## ACTIVITY
Print nothing but the lines below starting at the line that holds "Charming home exterior" and ending at the line that holds "Washington Wizards guard", including both, each exactly as written.

## SUPPLIED MATERIAL
━━━━━━━━━━━━━━━━━━━━

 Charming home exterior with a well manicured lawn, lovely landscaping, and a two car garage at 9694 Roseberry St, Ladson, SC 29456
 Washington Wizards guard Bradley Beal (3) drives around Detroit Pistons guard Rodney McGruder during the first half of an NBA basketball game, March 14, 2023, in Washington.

━━━━━━━━━━━━━━━━━━━━

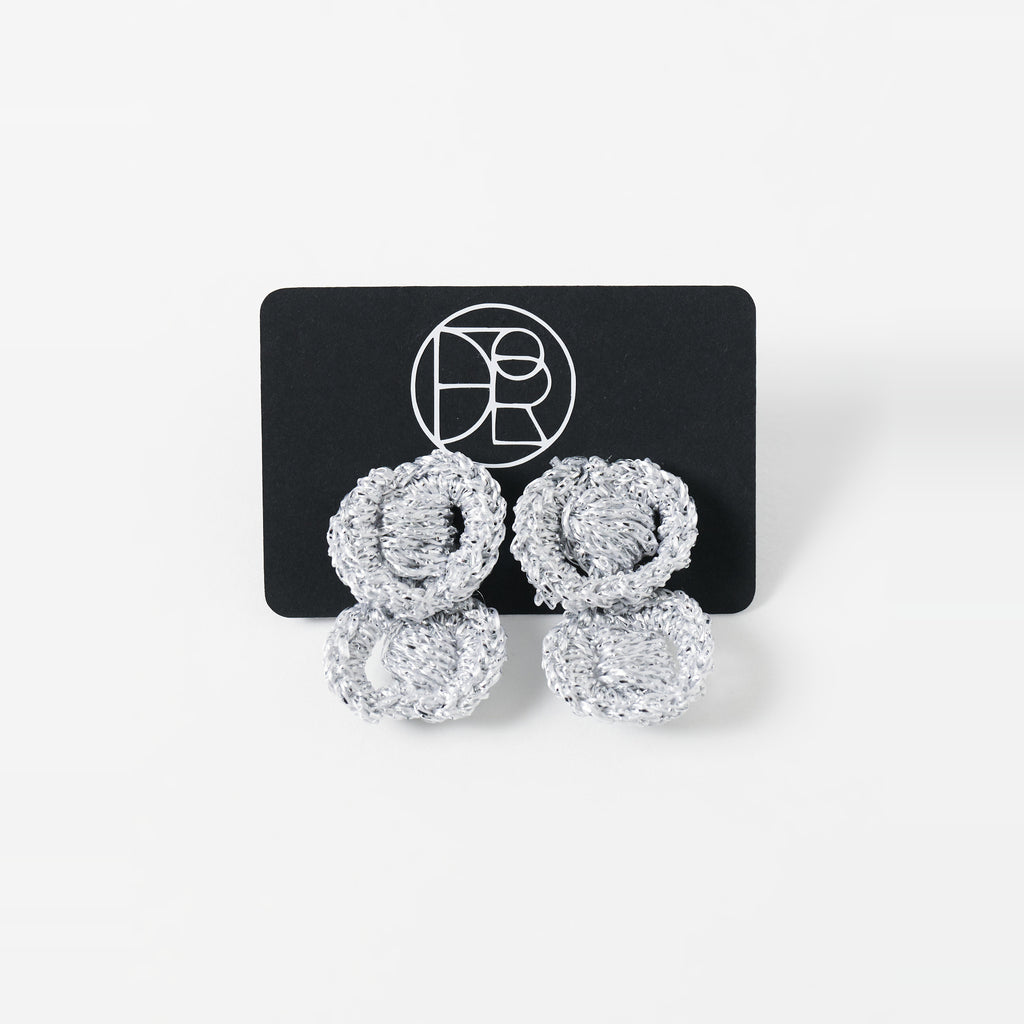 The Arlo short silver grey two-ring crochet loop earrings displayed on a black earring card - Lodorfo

━━━━━━━━━━━━━━━━━━━━

## TASK ANSWER
 Charming home exterior with a well manicured lawn, lovely landscaping, and a two car garage at 9694 Roseberry St, Ladson, SC 29456
 Washington Wizards guard Bradley Beal (3) drives around Detroit Pistons guard Rodney McGruder during the first half of an NBA basketball game, March 14, 2023, in Washington.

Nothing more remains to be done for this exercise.